START Collected data

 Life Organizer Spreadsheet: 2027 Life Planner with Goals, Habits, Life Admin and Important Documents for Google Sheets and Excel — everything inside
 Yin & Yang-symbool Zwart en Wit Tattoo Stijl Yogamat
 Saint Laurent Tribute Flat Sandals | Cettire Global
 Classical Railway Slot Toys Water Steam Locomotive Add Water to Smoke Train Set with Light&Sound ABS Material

END Collected data

When a line of the material holds the string "with", copy that line.

 Life Organizer Spreadsheet: 2027 Life Planner with Goals, Habits, Life Admin and Important Documents for Google Sheets and Excel — everything inside
 Classical Railway Slot Toys Water Steam Locomotive Add Water to Smoke Train Set with Light&Sound ABS Material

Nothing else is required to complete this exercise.